**ASSIGNED TASK**: From the listing below, extract every line containing "table".

**AVAILABLE DATA**:
# # # # #
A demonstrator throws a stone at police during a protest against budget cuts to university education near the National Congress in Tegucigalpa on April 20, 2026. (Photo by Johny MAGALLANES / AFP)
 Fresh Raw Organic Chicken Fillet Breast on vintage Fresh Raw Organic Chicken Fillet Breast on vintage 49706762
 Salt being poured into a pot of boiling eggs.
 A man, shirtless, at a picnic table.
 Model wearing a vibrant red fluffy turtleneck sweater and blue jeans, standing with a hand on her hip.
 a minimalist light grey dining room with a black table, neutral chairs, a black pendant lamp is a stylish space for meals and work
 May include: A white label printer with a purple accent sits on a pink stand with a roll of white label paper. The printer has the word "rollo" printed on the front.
# # # # #
**ANSWER FOR THIS EXERCISE**:
 A man, shirtless, at a picnic table.
 a minimalist light grey dining room with a black table, neutral chairs, a black pendant lamp is a stylish space for meals and work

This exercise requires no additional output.